3 CSS
We’ll use what are called “CSS selectors” to extract elements from a webpage. CSS stands for Cascading Style Sheets, and it takes the form of documents with rules that determine how a webpage is displayed. For example, the code below dictates that all h1
elements (level-one headers) should be blue and bold.
h1 {
color: blue;
font-weight: bold;
}
CSS allows us to quickly and easily alter the appearance of a webpage just by changing one or two lines in our style sheet. If we change color: blue
in the code above to color: red
, all h1
elements will now appear red. Other common uses of CSS include specifying the width of the margins, as well as the colors of links before and after being clicked. Have you ever noticed that a page appears differently on your phone versus your computer, or that many links appear blue before you click them but purple afterward?

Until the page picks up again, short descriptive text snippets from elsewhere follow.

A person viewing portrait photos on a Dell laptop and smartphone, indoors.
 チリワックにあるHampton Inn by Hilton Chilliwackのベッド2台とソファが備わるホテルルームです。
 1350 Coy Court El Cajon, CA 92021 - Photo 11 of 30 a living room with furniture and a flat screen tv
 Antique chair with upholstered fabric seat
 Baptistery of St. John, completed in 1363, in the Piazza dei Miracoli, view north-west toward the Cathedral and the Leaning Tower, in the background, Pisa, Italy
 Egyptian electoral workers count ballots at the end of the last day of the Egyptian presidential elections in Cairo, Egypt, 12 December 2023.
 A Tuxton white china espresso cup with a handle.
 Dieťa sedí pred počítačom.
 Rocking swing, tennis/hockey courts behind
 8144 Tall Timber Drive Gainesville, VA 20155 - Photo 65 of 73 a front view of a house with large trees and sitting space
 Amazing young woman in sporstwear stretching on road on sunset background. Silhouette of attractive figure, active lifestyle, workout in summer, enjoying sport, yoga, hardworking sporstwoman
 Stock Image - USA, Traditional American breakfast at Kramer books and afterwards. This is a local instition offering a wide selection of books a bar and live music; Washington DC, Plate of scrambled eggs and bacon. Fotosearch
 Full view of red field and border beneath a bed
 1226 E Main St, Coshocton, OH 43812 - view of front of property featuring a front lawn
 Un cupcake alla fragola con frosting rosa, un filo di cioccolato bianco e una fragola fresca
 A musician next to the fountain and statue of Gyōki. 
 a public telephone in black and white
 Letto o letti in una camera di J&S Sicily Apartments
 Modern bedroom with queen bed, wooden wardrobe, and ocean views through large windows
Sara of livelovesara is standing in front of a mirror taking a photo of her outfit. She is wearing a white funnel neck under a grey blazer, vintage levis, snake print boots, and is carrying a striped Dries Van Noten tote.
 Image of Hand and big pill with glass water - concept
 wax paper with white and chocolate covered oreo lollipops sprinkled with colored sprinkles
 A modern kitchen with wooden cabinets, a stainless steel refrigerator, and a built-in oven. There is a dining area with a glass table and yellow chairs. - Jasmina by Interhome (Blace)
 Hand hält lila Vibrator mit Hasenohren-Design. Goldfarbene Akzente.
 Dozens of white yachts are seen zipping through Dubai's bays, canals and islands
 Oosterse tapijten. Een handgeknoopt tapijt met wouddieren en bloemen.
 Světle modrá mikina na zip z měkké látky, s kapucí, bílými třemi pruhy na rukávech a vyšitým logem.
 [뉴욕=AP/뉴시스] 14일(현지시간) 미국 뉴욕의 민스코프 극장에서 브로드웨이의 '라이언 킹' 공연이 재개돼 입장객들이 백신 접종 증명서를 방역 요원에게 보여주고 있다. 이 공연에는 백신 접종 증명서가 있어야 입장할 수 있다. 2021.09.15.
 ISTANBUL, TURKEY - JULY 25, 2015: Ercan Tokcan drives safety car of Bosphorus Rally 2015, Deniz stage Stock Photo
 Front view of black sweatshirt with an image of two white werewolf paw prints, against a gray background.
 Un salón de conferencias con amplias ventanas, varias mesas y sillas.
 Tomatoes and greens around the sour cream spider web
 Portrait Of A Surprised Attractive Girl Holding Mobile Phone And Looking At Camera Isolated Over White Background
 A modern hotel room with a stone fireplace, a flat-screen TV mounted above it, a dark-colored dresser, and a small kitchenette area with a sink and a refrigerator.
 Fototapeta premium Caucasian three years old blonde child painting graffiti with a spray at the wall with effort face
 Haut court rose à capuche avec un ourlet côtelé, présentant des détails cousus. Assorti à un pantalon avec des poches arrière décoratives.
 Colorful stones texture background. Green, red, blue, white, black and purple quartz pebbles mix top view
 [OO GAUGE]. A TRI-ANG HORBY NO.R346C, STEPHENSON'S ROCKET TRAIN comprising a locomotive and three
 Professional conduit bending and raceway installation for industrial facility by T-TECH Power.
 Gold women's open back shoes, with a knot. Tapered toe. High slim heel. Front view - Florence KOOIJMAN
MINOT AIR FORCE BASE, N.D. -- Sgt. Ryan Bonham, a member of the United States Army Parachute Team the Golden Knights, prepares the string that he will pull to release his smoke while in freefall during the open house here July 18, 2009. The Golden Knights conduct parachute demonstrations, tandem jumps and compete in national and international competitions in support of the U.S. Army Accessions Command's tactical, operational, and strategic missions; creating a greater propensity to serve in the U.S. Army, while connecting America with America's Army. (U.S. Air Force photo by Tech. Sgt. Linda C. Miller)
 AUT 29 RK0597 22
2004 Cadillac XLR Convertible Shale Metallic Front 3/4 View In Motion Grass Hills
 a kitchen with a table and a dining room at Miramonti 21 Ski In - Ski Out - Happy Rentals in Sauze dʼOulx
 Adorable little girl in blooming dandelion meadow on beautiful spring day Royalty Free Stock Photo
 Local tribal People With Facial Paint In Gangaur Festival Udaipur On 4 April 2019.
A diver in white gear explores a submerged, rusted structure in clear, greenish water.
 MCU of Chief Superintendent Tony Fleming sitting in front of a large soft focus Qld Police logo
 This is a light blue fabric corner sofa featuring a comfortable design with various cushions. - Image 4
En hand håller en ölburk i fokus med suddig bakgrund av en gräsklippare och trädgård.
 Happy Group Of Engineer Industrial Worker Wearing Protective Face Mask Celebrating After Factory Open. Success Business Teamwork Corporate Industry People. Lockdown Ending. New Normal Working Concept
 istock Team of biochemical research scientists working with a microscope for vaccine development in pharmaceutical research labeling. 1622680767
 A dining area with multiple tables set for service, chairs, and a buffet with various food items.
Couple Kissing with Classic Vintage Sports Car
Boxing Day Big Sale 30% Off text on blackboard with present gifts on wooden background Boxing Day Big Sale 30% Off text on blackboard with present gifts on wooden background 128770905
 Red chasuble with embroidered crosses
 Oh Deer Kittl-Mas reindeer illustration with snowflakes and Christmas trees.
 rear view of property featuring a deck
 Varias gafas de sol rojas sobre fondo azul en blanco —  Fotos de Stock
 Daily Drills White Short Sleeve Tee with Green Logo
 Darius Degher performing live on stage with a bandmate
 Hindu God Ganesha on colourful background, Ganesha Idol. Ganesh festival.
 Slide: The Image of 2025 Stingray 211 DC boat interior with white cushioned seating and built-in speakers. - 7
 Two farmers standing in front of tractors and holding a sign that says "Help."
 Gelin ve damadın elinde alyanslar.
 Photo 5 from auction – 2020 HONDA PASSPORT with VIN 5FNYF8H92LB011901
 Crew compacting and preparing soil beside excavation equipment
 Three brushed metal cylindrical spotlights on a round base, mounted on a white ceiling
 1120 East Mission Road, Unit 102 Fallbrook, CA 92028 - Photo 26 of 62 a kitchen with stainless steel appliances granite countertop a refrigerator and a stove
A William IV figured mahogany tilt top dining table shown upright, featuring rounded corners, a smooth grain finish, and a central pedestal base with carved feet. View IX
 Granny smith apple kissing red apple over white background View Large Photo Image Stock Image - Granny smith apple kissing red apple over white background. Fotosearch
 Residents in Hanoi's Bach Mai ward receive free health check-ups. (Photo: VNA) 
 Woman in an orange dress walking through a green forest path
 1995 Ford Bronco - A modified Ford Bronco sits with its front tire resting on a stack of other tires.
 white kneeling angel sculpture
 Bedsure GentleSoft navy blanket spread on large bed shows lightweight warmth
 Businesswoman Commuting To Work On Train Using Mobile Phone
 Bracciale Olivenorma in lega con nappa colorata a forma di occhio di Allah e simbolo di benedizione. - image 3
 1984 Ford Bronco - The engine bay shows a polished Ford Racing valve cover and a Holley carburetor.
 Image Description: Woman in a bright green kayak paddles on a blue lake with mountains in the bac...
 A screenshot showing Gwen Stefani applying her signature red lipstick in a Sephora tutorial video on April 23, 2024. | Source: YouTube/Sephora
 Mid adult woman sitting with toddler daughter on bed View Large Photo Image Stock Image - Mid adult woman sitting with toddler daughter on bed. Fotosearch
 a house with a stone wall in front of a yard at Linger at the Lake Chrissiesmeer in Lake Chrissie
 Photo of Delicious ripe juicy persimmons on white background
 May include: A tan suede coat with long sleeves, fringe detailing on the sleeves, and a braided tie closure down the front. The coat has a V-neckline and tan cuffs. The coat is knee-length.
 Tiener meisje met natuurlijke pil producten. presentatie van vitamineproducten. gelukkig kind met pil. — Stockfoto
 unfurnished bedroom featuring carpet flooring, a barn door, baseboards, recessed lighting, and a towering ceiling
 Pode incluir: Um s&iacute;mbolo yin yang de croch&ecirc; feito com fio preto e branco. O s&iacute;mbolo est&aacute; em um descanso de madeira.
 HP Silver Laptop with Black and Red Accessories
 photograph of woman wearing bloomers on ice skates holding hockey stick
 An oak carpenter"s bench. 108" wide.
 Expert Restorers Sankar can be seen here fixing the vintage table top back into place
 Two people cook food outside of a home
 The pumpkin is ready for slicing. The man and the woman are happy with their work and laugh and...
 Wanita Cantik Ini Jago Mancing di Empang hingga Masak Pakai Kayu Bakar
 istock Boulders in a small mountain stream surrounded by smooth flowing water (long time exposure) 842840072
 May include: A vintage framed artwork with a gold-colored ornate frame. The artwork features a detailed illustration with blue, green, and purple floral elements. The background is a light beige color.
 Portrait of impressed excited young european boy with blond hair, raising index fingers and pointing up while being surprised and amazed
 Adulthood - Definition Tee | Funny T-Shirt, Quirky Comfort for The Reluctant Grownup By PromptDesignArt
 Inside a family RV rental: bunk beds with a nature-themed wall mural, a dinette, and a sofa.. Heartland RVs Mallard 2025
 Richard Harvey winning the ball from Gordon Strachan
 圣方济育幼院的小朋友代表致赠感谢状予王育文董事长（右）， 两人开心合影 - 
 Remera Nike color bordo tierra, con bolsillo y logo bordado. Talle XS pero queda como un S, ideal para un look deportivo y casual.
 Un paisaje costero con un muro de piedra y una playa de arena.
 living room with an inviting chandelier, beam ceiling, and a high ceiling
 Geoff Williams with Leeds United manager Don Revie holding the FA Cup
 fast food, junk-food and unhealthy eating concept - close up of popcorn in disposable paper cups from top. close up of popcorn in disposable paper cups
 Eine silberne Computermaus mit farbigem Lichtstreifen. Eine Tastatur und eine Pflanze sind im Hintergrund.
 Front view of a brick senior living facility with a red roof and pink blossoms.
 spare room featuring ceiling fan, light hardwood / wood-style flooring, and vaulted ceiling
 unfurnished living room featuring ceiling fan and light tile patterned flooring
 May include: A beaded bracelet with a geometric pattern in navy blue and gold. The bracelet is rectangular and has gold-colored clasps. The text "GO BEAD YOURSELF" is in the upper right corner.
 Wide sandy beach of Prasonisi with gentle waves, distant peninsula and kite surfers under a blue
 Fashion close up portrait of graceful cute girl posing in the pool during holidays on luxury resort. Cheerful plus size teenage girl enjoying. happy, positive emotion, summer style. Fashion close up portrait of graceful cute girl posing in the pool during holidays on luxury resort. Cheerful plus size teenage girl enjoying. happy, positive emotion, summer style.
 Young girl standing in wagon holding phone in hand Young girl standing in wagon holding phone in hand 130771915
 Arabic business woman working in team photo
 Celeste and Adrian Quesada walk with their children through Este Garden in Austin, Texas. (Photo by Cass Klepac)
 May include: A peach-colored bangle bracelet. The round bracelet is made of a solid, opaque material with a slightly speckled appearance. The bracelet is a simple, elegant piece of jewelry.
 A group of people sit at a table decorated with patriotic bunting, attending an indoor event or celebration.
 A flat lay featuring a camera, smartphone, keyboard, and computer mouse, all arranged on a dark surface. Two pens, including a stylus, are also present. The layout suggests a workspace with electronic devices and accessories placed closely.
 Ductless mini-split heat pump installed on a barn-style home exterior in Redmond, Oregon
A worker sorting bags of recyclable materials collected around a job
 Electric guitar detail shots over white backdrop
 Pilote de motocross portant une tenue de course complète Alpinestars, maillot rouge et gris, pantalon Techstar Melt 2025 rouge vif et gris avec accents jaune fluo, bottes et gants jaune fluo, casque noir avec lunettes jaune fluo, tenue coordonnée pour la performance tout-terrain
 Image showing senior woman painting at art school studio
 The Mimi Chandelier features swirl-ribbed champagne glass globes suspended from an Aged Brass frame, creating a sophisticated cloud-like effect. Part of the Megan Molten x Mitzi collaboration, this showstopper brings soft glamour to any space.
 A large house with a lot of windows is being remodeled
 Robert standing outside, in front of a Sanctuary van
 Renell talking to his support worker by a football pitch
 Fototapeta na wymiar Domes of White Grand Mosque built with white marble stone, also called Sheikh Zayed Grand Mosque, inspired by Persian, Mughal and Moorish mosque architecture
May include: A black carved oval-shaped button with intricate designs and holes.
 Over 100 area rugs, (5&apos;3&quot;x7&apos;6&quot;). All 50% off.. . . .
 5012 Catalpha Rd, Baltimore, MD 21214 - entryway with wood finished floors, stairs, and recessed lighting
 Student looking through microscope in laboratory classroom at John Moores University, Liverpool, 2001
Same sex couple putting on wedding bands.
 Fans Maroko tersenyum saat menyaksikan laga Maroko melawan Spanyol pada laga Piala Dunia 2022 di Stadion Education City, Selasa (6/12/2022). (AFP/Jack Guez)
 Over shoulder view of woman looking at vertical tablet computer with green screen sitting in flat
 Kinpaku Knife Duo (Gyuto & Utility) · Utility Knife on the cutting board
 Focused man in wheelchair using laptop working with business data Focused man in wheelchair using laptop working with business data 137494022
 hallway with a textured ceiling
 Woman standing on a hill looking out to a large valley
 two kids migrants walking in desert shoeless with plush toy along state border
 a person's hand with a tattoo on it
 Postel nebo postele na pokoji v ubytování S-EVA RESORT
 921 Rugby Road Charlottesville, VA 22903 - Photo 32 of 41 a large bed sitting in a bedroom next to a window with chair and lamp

That’s CSS!
When web scraping, we are not interested in styling our webpages. Instead, we are most interested in the first line of the CSS code above: h1
. This is an element selector, which finds all h1
elements and applies the following styles to them.
We can use CSS selectors to scrape information from webpages. If we want to pull out all of the h1
elements from a webpage, perhaps because they contain the information we want for our research, we can do that. We can also extract elements by other element components, such as class, id, or attribute, or by the context in which they appear: which elements they are nested within or follow.
3.1 Inspecting Elements
To get the information necessary for writing CSS selectors, we need to first view the page we want to scrape in our browser with the “Inspector”, which allows us to explore the HTML source code for the webpage.
How we open the Inspector varies by browser, and instructions for four major browsers are below.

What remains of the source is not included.